The Bigger Picture: AI Safety as a Community Sport
This launch is part of a broader trend. As of March 2026, the AI safety conversation has moved well beyond academic papers and policy proposals. Companies are putting real money behind finding real flaws — and they're enlisting the same security research community that's been hardening traditional software for decades.
When you pay researchers to break your AI agents, you're making a bet that external scrutiny will find things internal red teams miss. Given the complexity of agentic AI systems, that's a smart bet.
But there's a tension here, too. OpenAI's exclusion of general jailbreaks signals that the company draws a firm line between "the model said something it shouldn't" and "the model took an action that caused real harm." That distinction makes sense from a prioritization standpoint, but it might frustrate researchers who believe content-policy bypasses are a meaningful part of the safety puzzle.

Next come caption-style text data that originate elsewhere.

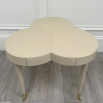 Clearance Flow Leather Trefoil Table - Bone - B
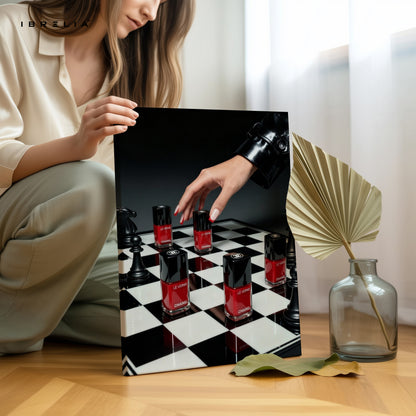 Red Nail Polish Chess Strategy Art – 4K Ultra Wrap Frame Wall Art in Pakistan | IBRELIA™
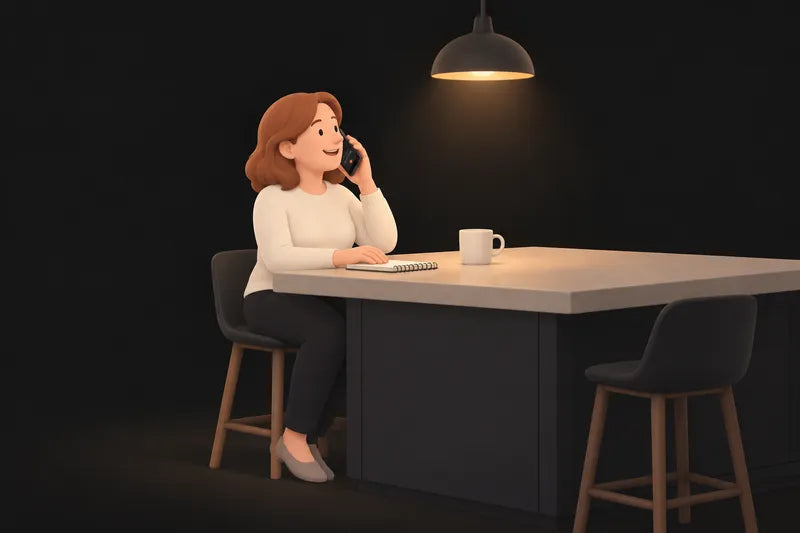Susan on the phone with a Modern Mattress sleep consultant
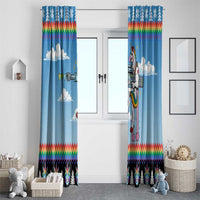 Unicorn Pew Pew Christmas Window Curtain Xmas Holiday Patterns - Wonder Print Shop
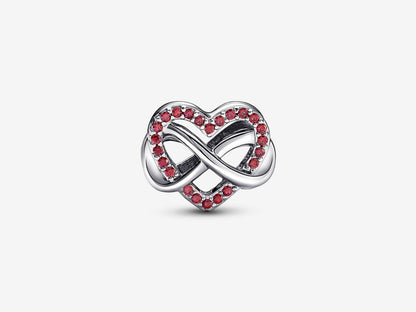 Family Infinity Red Heart Charm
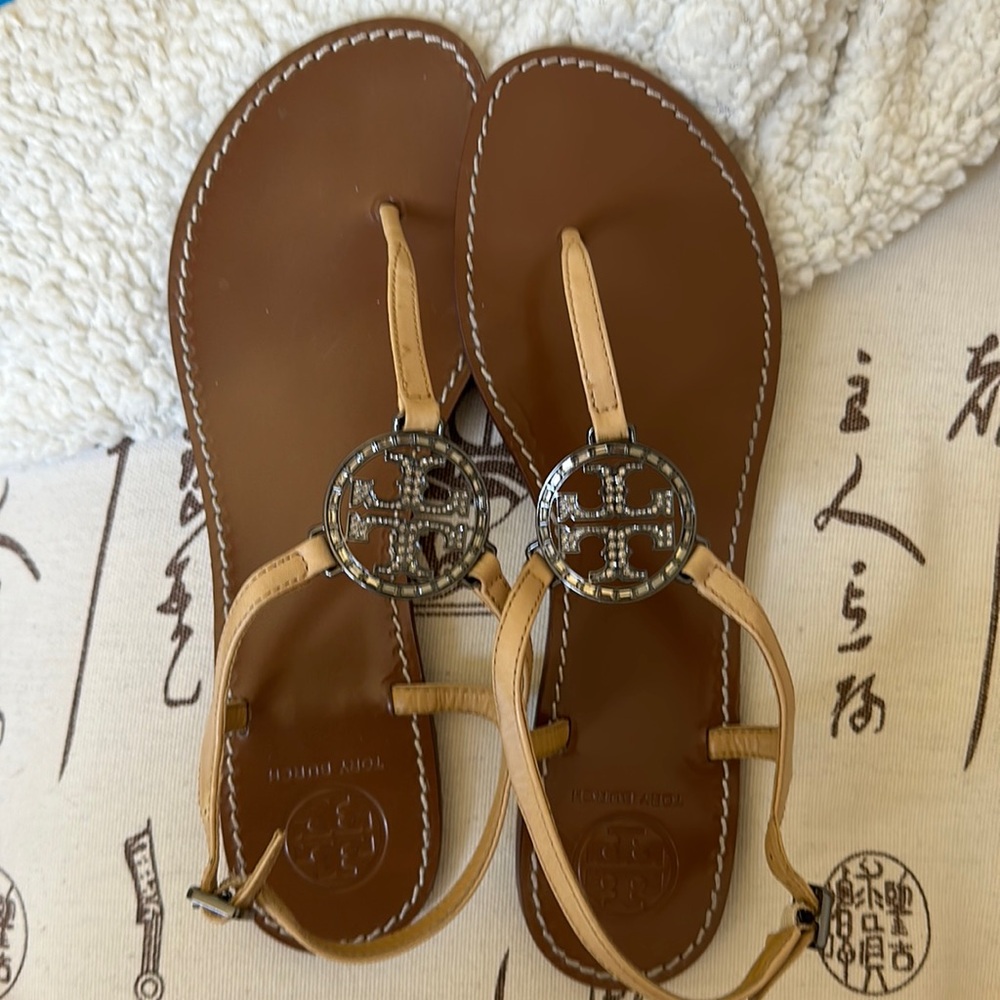 Tory Burch sandals 10M Tan Brown all leather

Still, the fact that a dedicated safety-specific bounty program even exists is a positive signal. It means OpenAI is treating AI safety risks as a distinct category worthy of their own reward structure — not just an awkward edge case that security teams have to figure out on the fly.
How to Participate
If you're a security researcher or ethical hacker interested in AI safety, here's what you need to know:
Focus on real harm — submissions need to demonstrate meaningful safety or abuse impact
Hit the 50% bar — prompt injection attacks must be reproducible at least half the time
Provide clear reproduction steps — the more detailed, the better your chances of a payout
Don't submit jailbreaks — unless they lead to demonstrable real-world harm beyond content policy
The program is open to external researchers globally. If you work with MCP-based tools, our Claude Desktop MCP setup guide covers the protocol in detail. And given that OpenAI's agentic products are only getting more powerful, the attack surface is only going to grow.
OpenAI hasn't published a specific pay scale for the Safety Bug Bounty. However, their related Security Bug Bounty pays $200 to $100,000 per finding depending on severity. Safety submissions demonstrating direct user harm with actionable fixes may qualify for rewards on a case-by-case basis, even outside predefined categories.
Can I submit a ChatGPT jailbreak to OpenAI's Safety Bug Bounty?
Only if it causes demonstrable real-world harm beyond content policy. General jailbreaks that produce rude language or return easily searchable information are explicitly out of scope. Your submission needs to show a clear safety or abuse impact — like an agent leaking user data or performing unauthorized actions.
Does the OpenAI Safety Bug Bounty cover Claude or Gemini agents?
No. The program only covers OpenAI's own products, including ChatGPT Agent, Browser, and similar agentic tools. Vulnerabilities in third-party AI systems like Anthropic's Claude or Google's Gemini would need to be reported through those companies' own security programs.
What's the difference between OpenAI's Safety and Security bug bounties?
The Security Bug Bounty covers traditional vulnerabilities like authentication bypasses and infrastructure flaws, paying up to $100,000. The Safety Bug Bounty covers AI-specific abuse risks — prompt injection, data exfiltration, MCP abuse — that don't fit traditional security definitions but still pose real-world harm. Submissions are triaged by both teams and rerouted as needed.
Do I need to reproduce a prompt injection attack every time to get paid?
Not every time, but at least 50% of the time. OpenAI requires prompt injection attacks to be reproducible in at least half of attempts to qualify for a reward. This threshold accounts for the non-deterministic nature of AI models while filtering out unreliable one-off results.